Nebo's Slyde too has the "bonk 'em on the head" front end, though the feature is not so pronounced. More of a "dope slap" than a baseball bat's wallop, perhaps? I picked up the Nebo hand-held for about $50, on sale during a special event. It now costs considerably less.

I think our headlamp ran $65 at Amazon. It is the finest headlamp I've encountered. My wife confirms that she's not had to recharge it yet, so it bests the bigger light in that department.

These lights, like the Steamlight, seem very rugged. Again, with the switches, time will tell.

Maglite 

This US manufacturer has not broadly embraced the "Tacti-cool" look of competing newcomers, but their current lights do feature LEDs.
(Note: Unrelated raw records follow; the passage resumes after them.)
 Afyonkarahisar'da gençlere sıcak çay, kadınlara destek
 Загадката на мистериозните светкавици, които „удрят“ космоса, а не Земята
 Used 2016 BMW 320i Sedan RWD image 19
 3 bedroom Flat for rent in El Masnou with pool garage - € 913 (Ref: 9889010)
What I love most? Maglite sells models like those I recall from 20 or 30 years ago, which means I can get parts easily. Before LEDs, I only recall replacing bulbs, never a spring or a power switch.

Maglites are US made, too. That warms my heart as someone who favors American-owned manufacturers when possible (save for cars; my rotten experiences in the 80s and 90s soured me on our Big Three for the duration). Beyond nostalgia, I have a lot of love for their lights, especially the rugged switches. You can still get their biggest mambo-jambo with the four D-Cells, which the company calls "an iconic design, not one of those ugly flashlights!"

Yeah, Maglite dissed my ugly lights. Bonk bonk on the head with my Maelstrom! When, not if, I buy a new Maglite, I'm going to opt for a rechargeable one with the USB cable. I might split the difference with their model that can be recharged or, in a prolonged outage, run three C-Cell batteries.

Whichever I get, I'll write about it here, as well as any solar chargers we get. Even with a week's worth of propane on hand for our generator, it would be wise to have a backup to recharge flashlights. Light matters.

Wait...they have a Mag-Tac rechargeable with a 2.5 hour run-time, recharger base, and "crowned bezel" top (for bonks on the head). 671 Lumens, "throw range" 185 meters! I feel more manly already.

Except I cannot find my flashlight. Bonk!